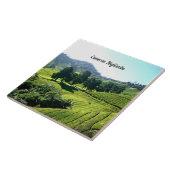 Cameron Highlands, Tea Plantation, Maleisië Tegeltje (Zijkant)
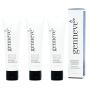 Water Based Personal Lubricant for Women - Natural Lube for Sensitive Skin by Genneve - Non-Sticky Travel Size (2 oz) 3 Pack 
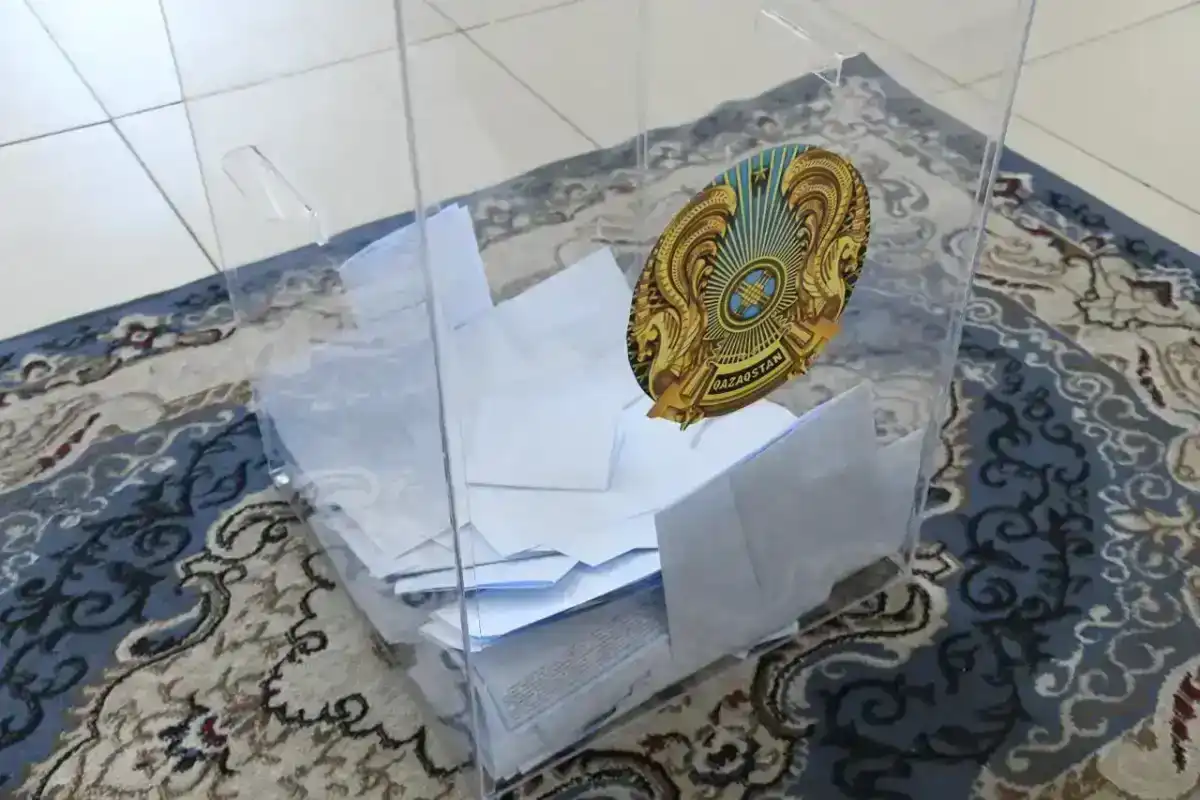 «Найдите свой участок для голосования по ИИН»: запущен онлайн-сервис к референдуму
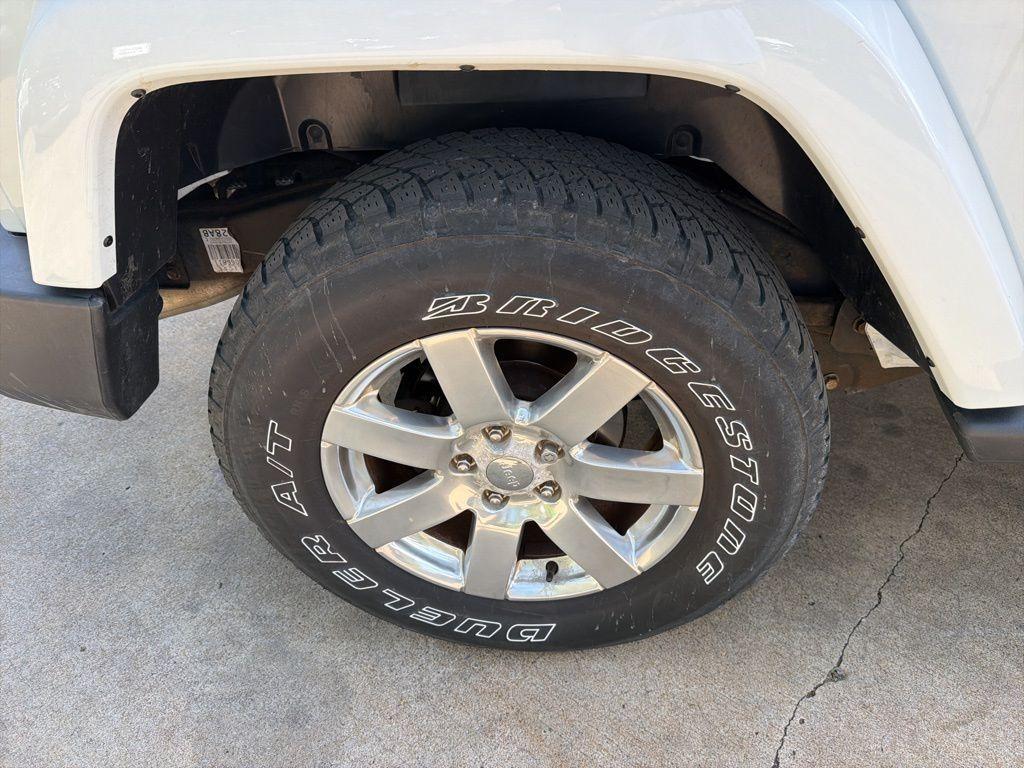 used 2014 Jeep Wrangler car, priced at $19,977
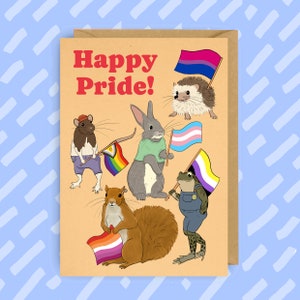 LGBTQ+ trots | Lesbisch | Biseksueel | Door | Niet-binair | Homo | Trots | Cadeau | Pride-maand | Vlag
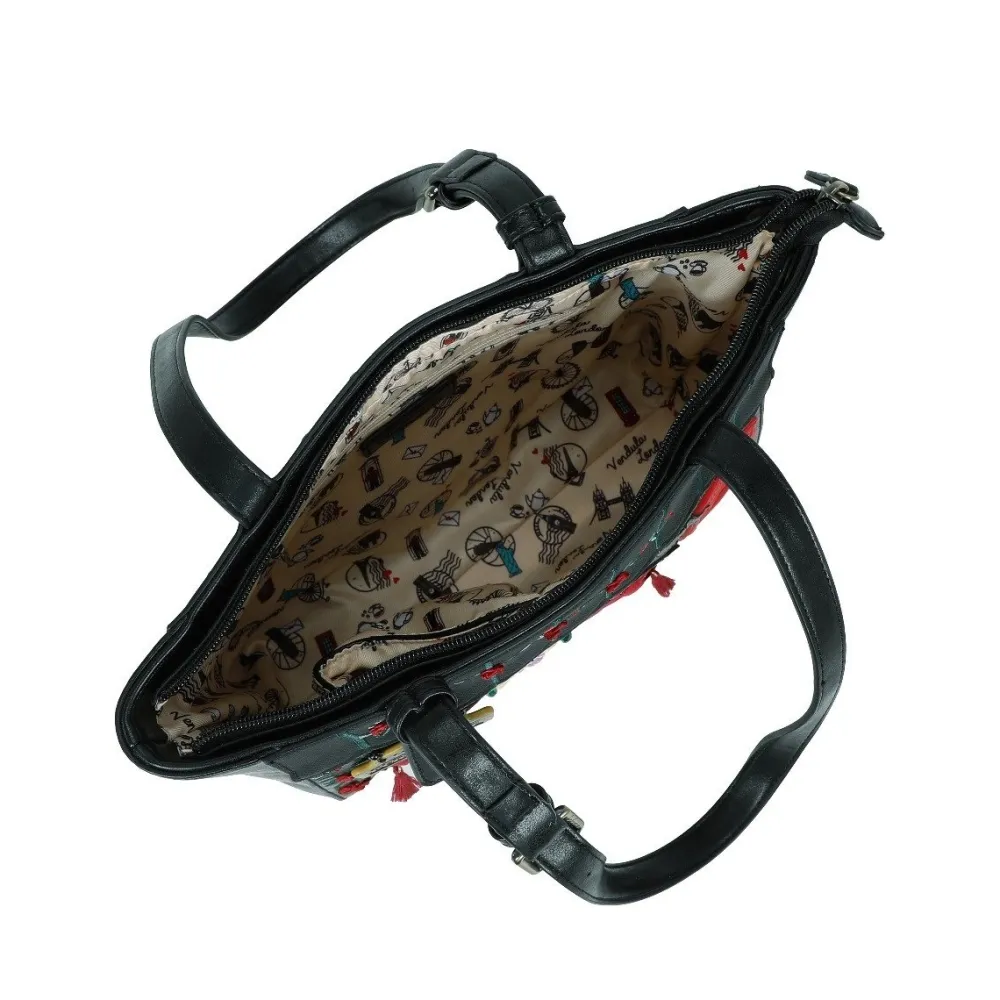 Vendula London Vendula London|Purrlesque Club Shopper Bag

• • • • •

- _EXERCISE DIRECTIONS_:
From the first line to the last, repeat the listing exactly and skip its images.

- _WRITTEN SOLUTION_:
 Cameron Highlands, Tea Plantation, Maleisië Tegeltje (Zijkant)
 Water Based Personal Lubricant for Women - Natural Lube for Sensitive Skin by Genneve - Non-Sticky Travel Size (2 oz) 3 Pack 
 «Найдите свой участок для голосования по ИИН»: запущен онлайн-сервис к референдуму
 used 2014 Jeep Wrangler car, priced at $19,977
 LGBTQ+ trots | Lesbisch | Biseksueel | Door | Niet-binair | Homo | Trots | Cadeau | Pride-maand | Vlag
 Vendula London Vendula London|Purrlesque Club Shopper Bag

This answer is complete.